A production-grade vector database built in C++ with HNSW, KD-Tree, and Brute Force ANN search, a REST API backend, and a full RAG pipeline using local LLMs via Ollama.
Most developers use vector databases as a black box. This project builds one from scratch.
It implements the core algorithms that power production databases like Pinecone, Weaviate, and Chroma — and layers a full RAG (Retrieval-Augmented Generation) pipeline on top using a local LLM. The result: you can insert text documents, ask questions in natural language, and get answers grounded in your own data — no cloud, no API keys.
- Language: C++17
- HTTP Server: cpp-httplib (single-header)
- Local LLM runtime: Ollama
- Embedding model:
nomic-embed-text(768-dimensional vectors) - LLM:
llama3.2 - Frontend: Vanilla HTML/CSS/JS
- Three ANN search algorithms implemented from scratch: Brute Force, KD-Tree, and HNSW
- Pluggable distance metrics: Cosine, Euclidean, Manhattan
- Real-time benchmarking — compare all three algorithms side-by-side with microsecond-level timing
- HNSW graph visualizer — inspect layers, nodes, and edges in the browser
- Document Q&A (RAG pipeline) — insert any text, ask questions, get LLM answers backed by retrieved context
- Thread-safe inserts and searches via
std::mutex - Full REST API — 10 endpoints, all returning JSON
- Interactive web UI — no framework needed
main.cpp (1100+ lines)
├── Distance Metrics cosine, euclidean, manhattan
├── BruteForce O(N·d) linear scan
├── KDTree O(log N) axis-aligned pruning
├── HNSW O(log N) multilayer graph, approximate
├── VectorDB wraps all 3 — 16D demo vectors, benchmarking
├── DocumentDB HNSW only — real 768D Ollama embeddings
├── OllamaClient HTTP calls to /api/embeddings and /api/generate
├── chunkText() splits docs into 250-word overlapping windows
└── main() httplib::Server — 10 REST endpoints
Two databases run in parallel:
- VectorDB — 16-dimensional demo vectors across all 3 algorithms (for comparison and benchmarking)

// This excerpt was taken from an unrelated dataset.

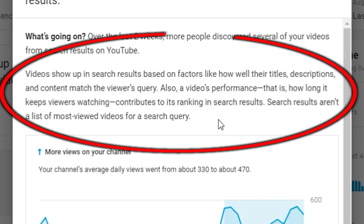One thing to know is that videos show up in YouTube search results based on the title, descriptions, and content, and how well that matches the viewer's query. Video performance also plays a part, which I'll talk about shortly. But what the search results aren't is a list of most-viewed videos. It doesn't matter if a video has 500,000 views and yours only has 50 — if your keywords better match the viewer's query, you will show up in the search result.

- DocumentDB — 768-dimensional real text embeddings, HNSW only (for actual RAG)
Computes distance from the query vector to every single vector in the database. Exact results, but O(N) — doubles in cost as data doubles. Used as a correctness baseline.
Builds a binary tree by splitting space along alternating dimensions. Prunes entire subtrees during search when they can't contain a closer neighbor. Works well at low dimensions but degrades at 768D due to the curse of dimensionality.
The production algorithm. Builds a multi-layer graph:
- Upper layers — sparse, long-range connections (like highways)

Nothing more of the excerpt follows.